36.5 Alphabetic and Numeric Sorting

sort performs two fundamentally different kinds of sorting operations: alphabetic sorts and numeric sorts. An alphabetic sort is performed according to the traditional "dictionary order," using the ASCII ( 51.3 ) collating sequence. Uppercase letters come before lowercase letters (unless you specify the -f option, which "folds" uppercase and lowercase together), with numerals and punctuation interspersed.

This is all fairly trivial and common sense. However, it's worth belaboring the difference, because it's a frequent source of bugs in shell scripts. Say you sort the numbers 1 through 12. A numeric sort gives you these numbers "in order," just like you'd expect. An alphabetic sort gives you:

1
11
12
2
...

Of course, this is how you'd sort the numbers if you applied dictionary rules to the list. Numeric sorts can handle decimal numbers (for example, numbers like 123.44565778); they can't handle floating-point numbers (for example, 1.2344565778E+02).

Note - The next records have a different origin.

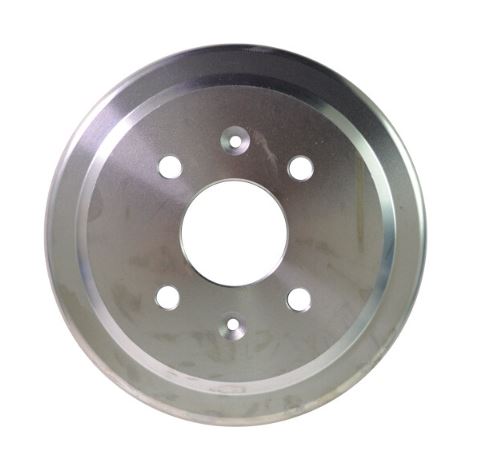 [10026] TAMBOR FRENO CHEVROLET AVEO 04-16/SPARK GT 1.2 10> TW UB00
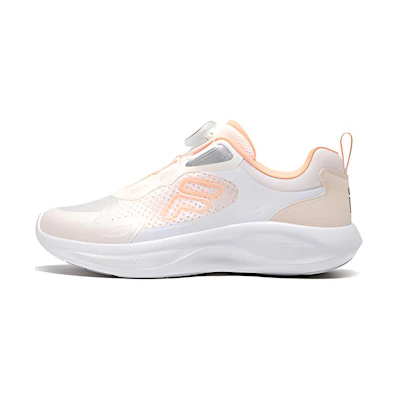 (PS) FILA Training Shoe 'Pink White'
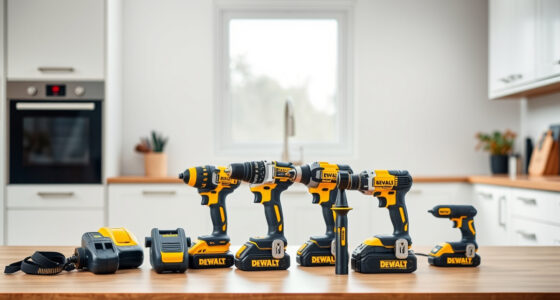 DEWALT vs Milwaukee: Which Cordless Drill Is Better?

What happens if you include alphabetic characters in a numeric sort? Although the results are predictable, I would prefer to say that they're "undefined." Including alphabetic characters in a numeric sort is a mistake, and there's no guarantee that different versions of sort will handle them the same way. As far as I know, there is no provision for sorting hexadecimal numbers.

One final note: Under System V, the numeric sort treats initial blanks as significant - so numbers with additional spaces before them will be sorted ahead of numbers without the additional spaces. This is an incredibly stupid misfeature. There is a workaround; use the -b (ignore leading blanks) and always specify a sort field. [2] That is: sort -nb +0 will do what you expect; sort -n won't.

[2] Stupid misfeature number 2: -b doesn't work unless you specify a sort field explicitly, with a +n option.